I had similar conceptual trouble until I came across Tim Gowers' blog post on How to use Zorn's lemma. Its main thesis:

If you are building a mathematical object in stages and find that (i) you have not finished even after infinitely many stages, and (ii) there seems to be nothing to stop you continuing to build, then Zorn’s lemma may well be able to help you.

He shows how to use the Lemma in a number of cases where my intuitive approach would have been something like "ah, but we can construct the thing by transfinite induction ... let's find a sufficiently large ordinal to induct over (work, work, work) ... and then fix a choice function such that we can make choices at each step along the way (work, work, work) ... and if the thing is still not made when we reach the top of our chosen ordinal, it would be (work, work) a contradiction".

Compared to that, Zorn's Lemma packs a lot of boilerplate argument into a simple, tidy, reuseable tool where one just needs to specify the minimal properties of the situation for the construction to work. In particular the apparently ill-motivated condition about chains is exactly what is needed for the tedious transfinite-induction argument to keep rolling when we hit a limit ordinal.

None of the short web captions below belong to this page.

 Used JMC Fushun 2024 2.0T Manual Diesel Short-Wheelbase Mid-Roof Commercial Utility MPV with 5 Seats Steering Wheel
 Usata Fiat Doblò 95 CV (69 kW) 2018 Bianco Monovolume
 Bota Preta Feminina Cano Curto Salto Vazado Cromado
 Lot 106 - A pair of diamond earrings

This blog post by Tim Gowers has a nice discussion.

Suppose you have some process of choosing elements from a partially ordered set, and nothing seems to stop you from choosing bigger and bigger elements, no matter how many elements you already have. Zorn's Lemma says that the process must stop.

For example, to prove that every vector space has a basis: Start with the empty set, and keep on adding elements that are linearly independent of the existing elements. No matter how big the set gets, if it's not already a basis, then you can add another element to it, even after infinitely many steps: If $X$ is a linearly independent subset of a vector space $V$, then either $X$ is a basis, or else (no matter how big $X$ is), there exists some $x \in V$ which is independent of $X$, and you can add it to $X$ to get a bigger linearly independent set. Zorn's Lemma says this process must terminate, at which point you have a basis.

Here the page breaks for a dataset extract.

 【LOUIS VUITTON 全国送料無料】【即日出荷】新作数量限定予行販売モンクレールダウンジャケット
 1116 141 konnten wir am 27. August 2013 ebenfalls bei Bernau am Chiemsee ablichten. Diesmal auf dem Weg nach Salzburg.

In fact, this intuitive description can be turned into a proof of Zorn's Lemma: Let $X$ be a nonempty partially ordered set in which every totally ordered subset has an upper bound. Suppose $X$ has no maximal element. Choose $x_1 \in X$. It's not maximal, so I can find $x_2 > x_1$. But $x_2$ is not maximal, so I can find $x_3 > x_2$, etc., leading to $x_1 < x_2 < x_3 < x_4 < \ldots$ These $x_i$'s form a totally ordered subset, hence there is an element $x_\omega$ dominating all of them. But $x_\omega$ is not maximal, so there is $x_{\omega+1}$, etc. Nothing stops me from obtaining an $x_\alpha \in X$ for every ordinal $\alpha$. But the size of every set is bounded by a fixed ordinal (see the Burali-Forti paradox), contradiction.

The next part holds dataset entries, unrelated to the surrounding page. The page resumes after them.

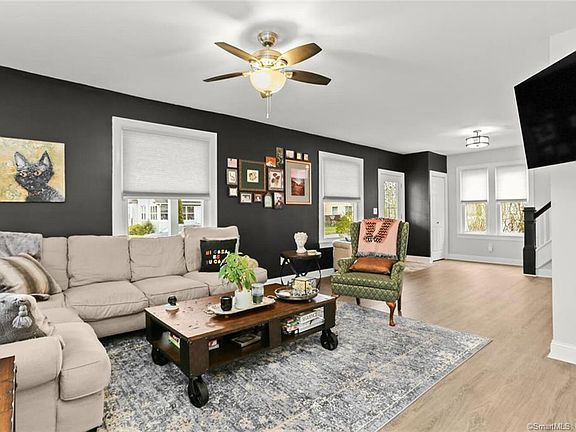 50 Fairview St - Photo 4 of 16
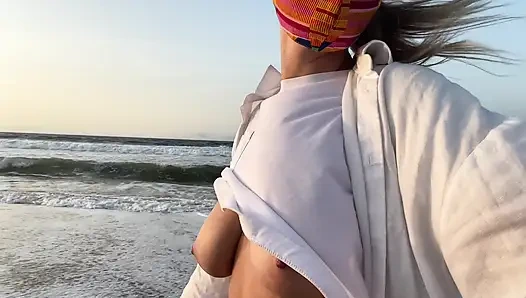 Блондинка С Большой Грудью Без Лифчика Гуляет По Улице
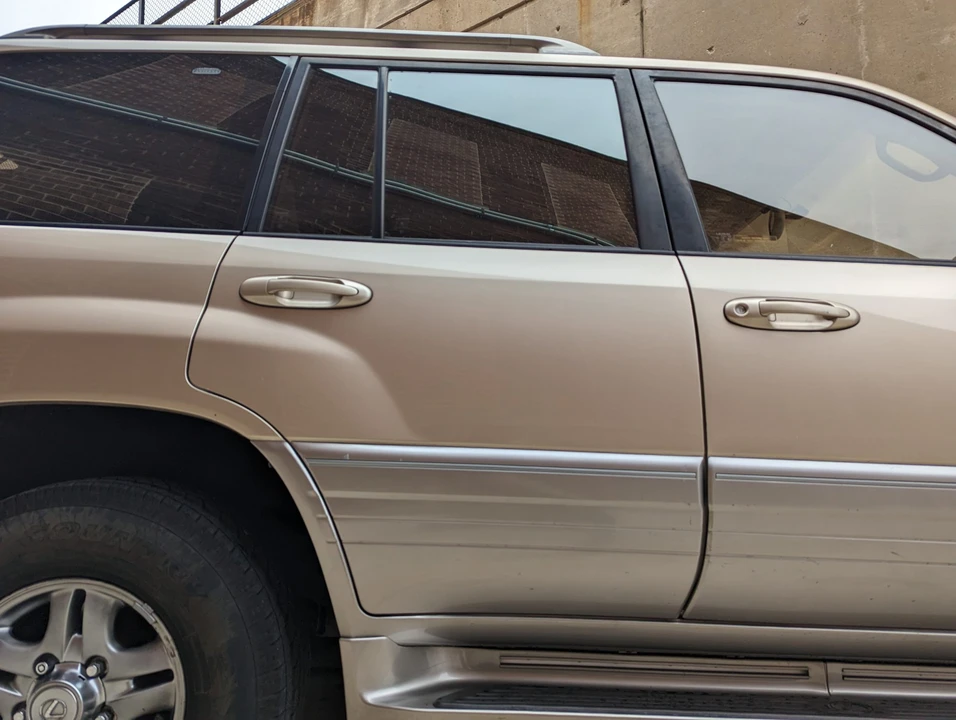 2001 Lexus LX 2nd Gen - Image 28 of 31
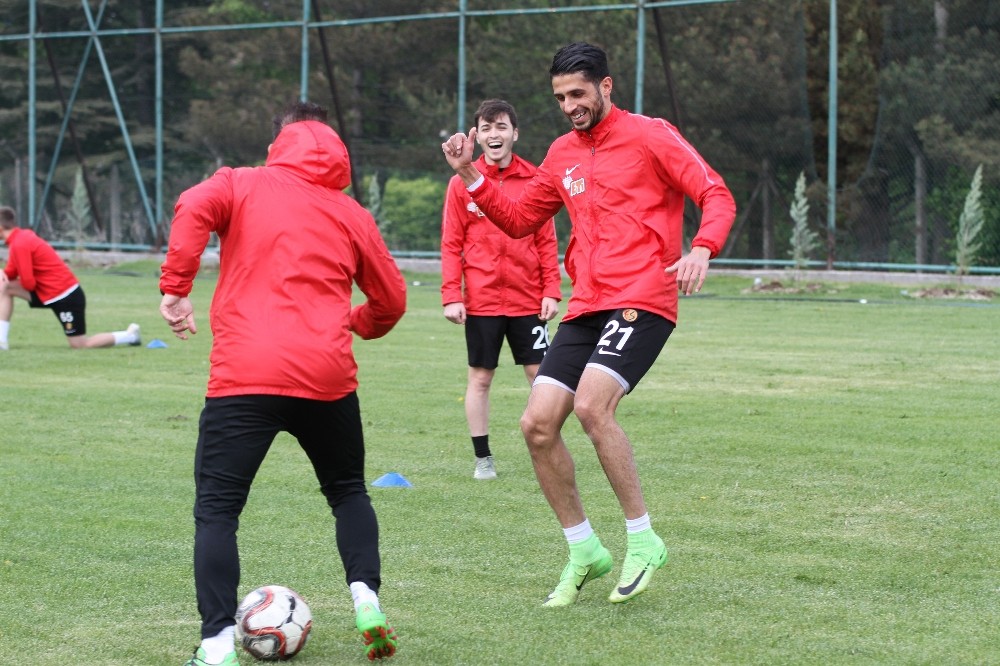 Eskişehirspor hız kesmiyor 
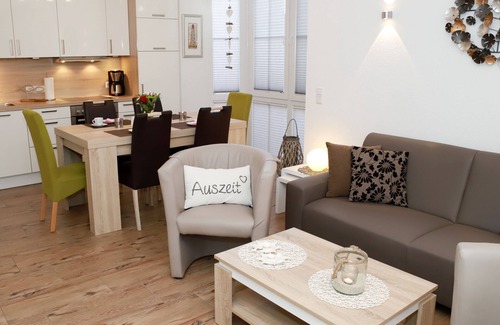 Greetsiel Apartment | Sehr Schöne Ferienwohnung in Zentraler und Ruhiger Lage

Let $F$ be a finite set and $\leq$ a partial order on $F$. Then there is a $\leq$-maximal element in $F$.

Proof: Suppose not. Then for every $x\in F$ there is $x'\in F$ with $x'>x$. So you can build a sequence $(x_1,x_2,x_3,\ldots)$ with $x_{n+1}>x_n$ for all $n$ and all terms are distinct, contradicting the finiteness of $F$.

Now this proof obviously doesn't work for infinite sets and there are infinite partially ordered sets without a maximal element. But let's make the assumption of Zorn's lemma that every chain has an upper bound and see what we can do with it.

Suppose we have created the sequence $(x_1,x_2,\ldots)$ in an infinite partially ordered set $(X,\leq)$ satisfying the conditon of Zorn's lemma but without a maximal element (we use the Axiom of choice to choose larger and larger elements). Such a sequence is consistent. But the set $\{x_1,x_2,\ldots\}$ is a chain, so there is an element larger than every element in this sequence. Now we employ heavy set theoretic machinery, the theory of ordinals to create a transfinite sequence of the form $(x_1,x_2,\ldots,x_\omega)$.Since there is no maximal element we can construct a larger transfinite sequence $(x_1,x_2,\ldots,x_\omega,x_{\omega+1})$. And we can proceed this way to get larger and larger transfinite sequences, and all terms are always distinct. Eventually, we get a transfinite sequence with more distinct terms than elements in $X$, which gives us a contradiction.

The axiom of choice is used for selecting for each element a larger one. In the finite case, this selection exists by induction alone.

This can be made into a rigorous proof. An accessible book containing this proof is for example "Introduction to Set Theory" by Jech and Hrbacek.